We're seeing an incredible retreat into virtual worlds these days. People are hiding behind their monitors more than ever before, and their time spent online continues to climb. What this means is less human interaction, less touch, less accountability, and less human connection. That can be a sure sign of loneliness. In fact, the use of social media sites, when gone unchecked, can actually exacerbate feelings of loneliness, because they remind the user of how little interaction they truly have with others.
Are You an Addict?
Realize that just because you love Facebook or Twitter doesn't mean you're lonely or an internet addict. But you have to ask yourself what impulse drives your interest in these electronic tools. If it's a desire for connection, you're better off putting down the mouse and going to visit a friend -- or going out and making a new one.
Many people, however, are simply addicted to their past.

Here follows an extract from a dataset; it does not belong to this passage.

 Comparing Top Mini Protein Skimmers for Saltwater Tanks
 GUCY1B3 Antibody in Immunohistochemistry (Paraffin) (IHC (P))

They're using Facebook to reconnect with old classmates, former lovers, and other people they haven't talked to in years. They want to know what ever happened to "so and so," who ended up marrying who, and what that person they once loved ended up doing in life. There's something comforting and soothing about it. However, if you're spending an inordinate amount of time doing these activities, you may need some help.
So how much time is too much on Facebook? If you're on for more than an hour a day, you may want to look into your situation. You may indeed have a problem. Whatever you're trying to do, you can definitely do it in an hour, whether it's reconnecting with people or getting business leads. In fact, if you're focused, anyone can do their Facebook updates in less than 30 minutes. Yes, Facebook is definitely helpful for business and personal matters, but do what you have to do and then sign off.
Of course, when you're lonely, you get depressed and you don't have the energy to spend your time wisely. You don't have a focus, because things aren't really happening in your life. Without focus, your goals are not in alignment and you don't know where you're going. You feel a sense of emptiness in yourself or in your relationships, and you live on Facebook in an attempt to fill some void of your life.
At first it's exhilarating, because you get to be an actor and live in your own temporary reality. But the more time you spend on Facebook, the more depressed and lonely you become, and you have to spend even more time online to eliminate those negative feelings. Eventually it's a vicious cycle that seems to have no way out.
Break Free of Your Facebook Addiction
To get clear on your relationship with Facebook, look at what you're really doing during your time online. Chances are you'll find that you're wasting more time than you are being productive. If that's the case for you, look deep within yourself to find out what's missing from your life that makes you want to be on Facebook so much.
Now, if you're spending five hours a day on Facebook and earning hundreds of thousands of dollars as a result of the connections you're making, then go for it. But let's face reality: Most people aren't doing that. The majority of the time is wasted. Even if you do those one or two business social networking emails, you spend more time browsing. You'd be better off spending your time going to real face-to-face networking events and business meetings.
If your Facebook addiction is too big for you to deal with alone, you can get help from professional therapists, psychologists, and counselors. It is a treatable condition. With the proper support and guidance, you can finally turn off the computer and start living your real life again.
So while the internet, Facebook, email, text messages, and IMs have made connecting with both friends and strangers easier, these tools have also taken away the human interaction we all need to live a happy and healthy life. Therefore, the goal is not to eliminate technology from your life, as that would be impossible in today's era. However, you can limit your internet use and use the technological communication tools in a healthy way - one that contributes to real human connection rather than impedes on it.